How Much Your Picture?

After skipping a month, I have resumed my sequence of monthly posts for the CBA National Magazine’s blog. Today, I take on two recent Québec cases awarding damages to people whose pictures were published without their consent. One is Hammedi c. Cristea, 2014 QCCS 4564, where the defendant was the editor of a small newspaper who had published the picture of a woman wearing the niqab at a Québec City market. The other is Grillo c. Google Inc., 2014 QCCQ 9394, which involved a woman whose image had appeared in Google Street View. I had already written about Hammedi and many of the issues it raises here and here.

In the CBA National Magazine post, I try to approach these cases ― and the “right to one’s image” in Québec law more broadly ― from two different but, I believe, related perspectives, that of “law & technology” and that of law & economics. In a nutshell, I argue that technological developments have raised the cost of the “right to one’s image” as it exists in Québec law, so that it is time for the courts and/or the legislature to reconsider the rules.

The foray into law & economics is a new thing for me, although I’ve been interested in it ever since I learned of its existence in the first year of law school.

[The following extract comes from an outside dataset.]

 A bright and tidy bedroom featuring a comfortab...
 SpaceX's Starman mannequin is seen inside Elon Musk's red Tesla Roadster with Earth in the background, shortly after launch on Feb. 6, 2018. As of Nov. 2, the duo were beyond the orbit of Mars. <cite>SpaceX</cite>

In fact, it was something of a dream of mine to mix it with constitutional law. The “right to one’s image” is not constitutional, but it is protected of Québec’s Charter of Human Rights and Freedoms, according to the Supreme Court’s decision in Aubry v. Éditions Vice‑Versa, [1998] 1 S.C.R. 591, so I’m getting there. Of course, I can only hope that I haven’t said any enormities ― if I have, feel free to point them out to me.

Author: Leonid Sirota

Law nerd. I teach public law at the University of Reading, in the United Kingdom. I studied law at McGill, clerked at the Federal Court of Canada, and did graduate work at the NYU School of Law. I then taught in New Zealand before taking up my current position at Reading.